### Source material
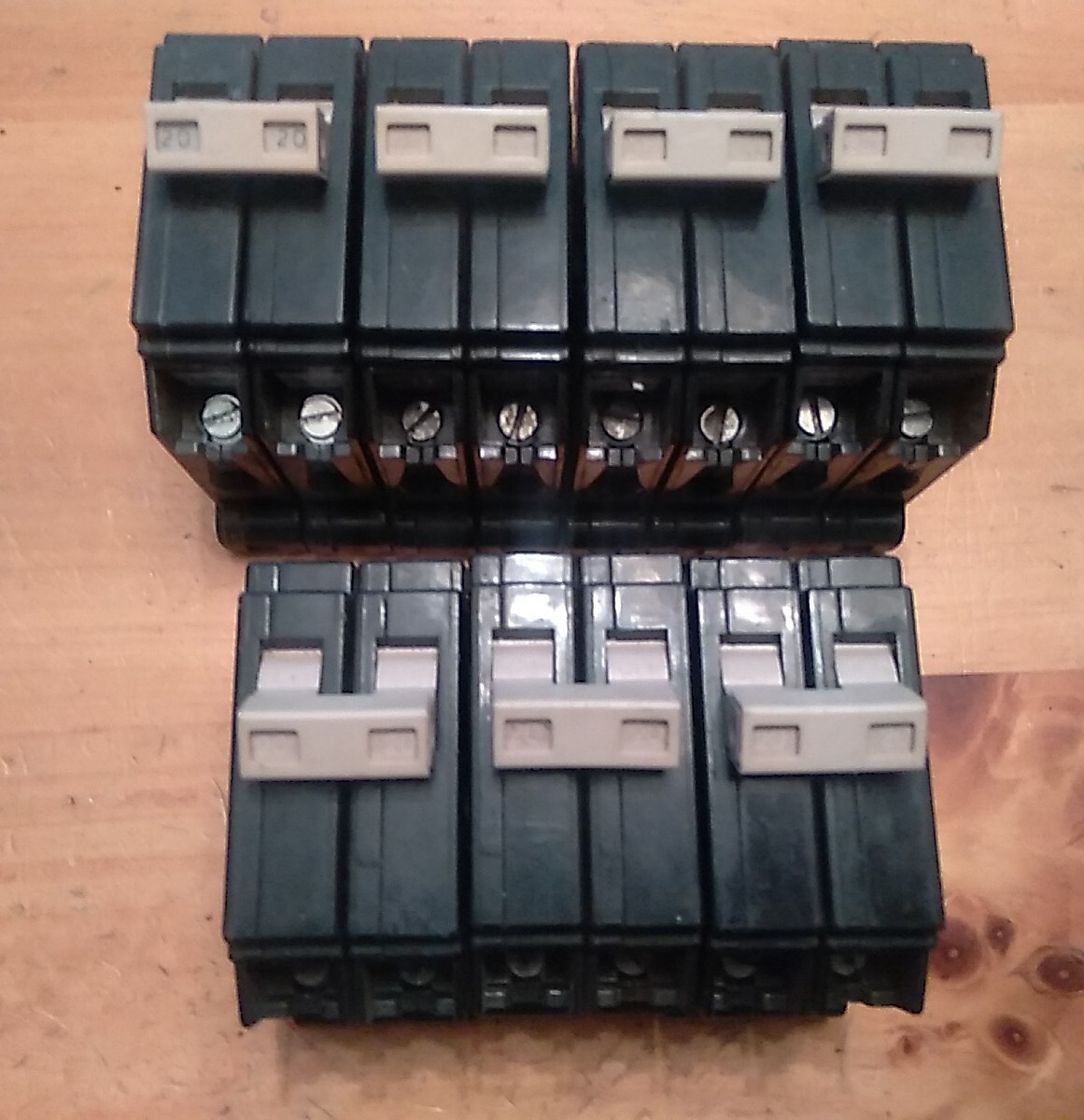Cuttler Hammer CH220 20amp Circuit Breaker 2 Pole 220v - Used
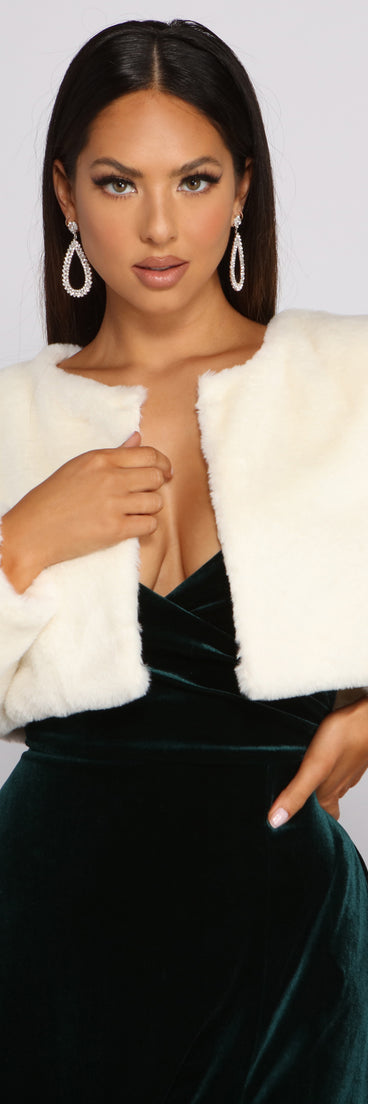 Luxe Faux Fur Cropped Jacket helps create the best summer outfit for a look that slays at any event or occasion!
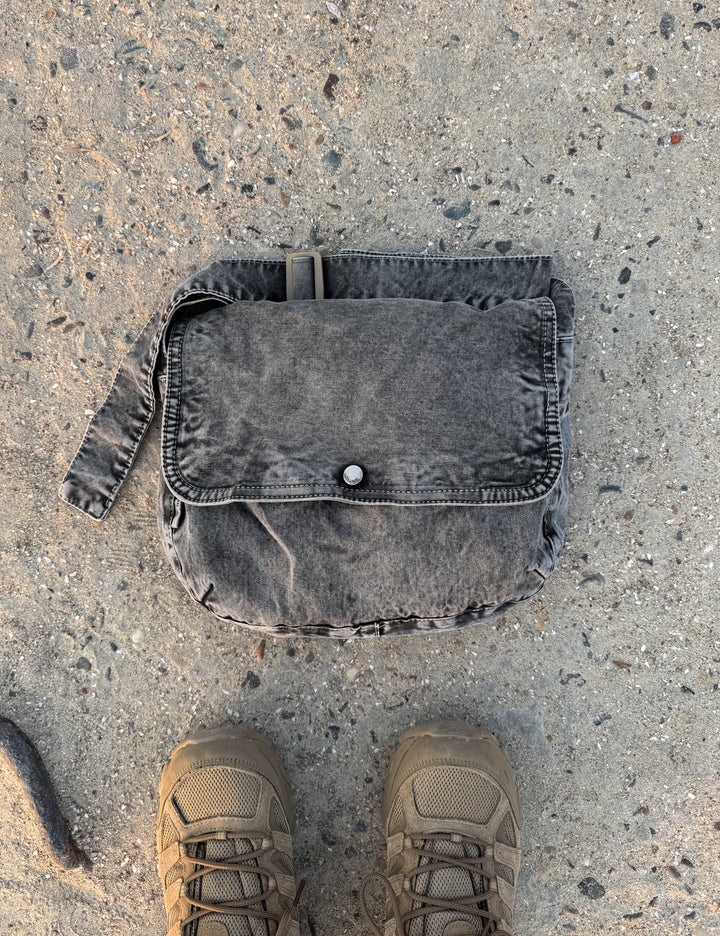 CHARCOAL WASHED SIDE BAG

### Required work
Your reply should hold every line of the material, unaltered, and not one picture.

### Exercise solution
Cuttler Hammer CH220 20amp Circuit Breaker 2 Pole 220v - Used
 Luxe Faux Fur Cropped Jacket helps create the best summer outfit for a look that slays at any event or occasion!
 CHARCOAL WASHED SIDE BAG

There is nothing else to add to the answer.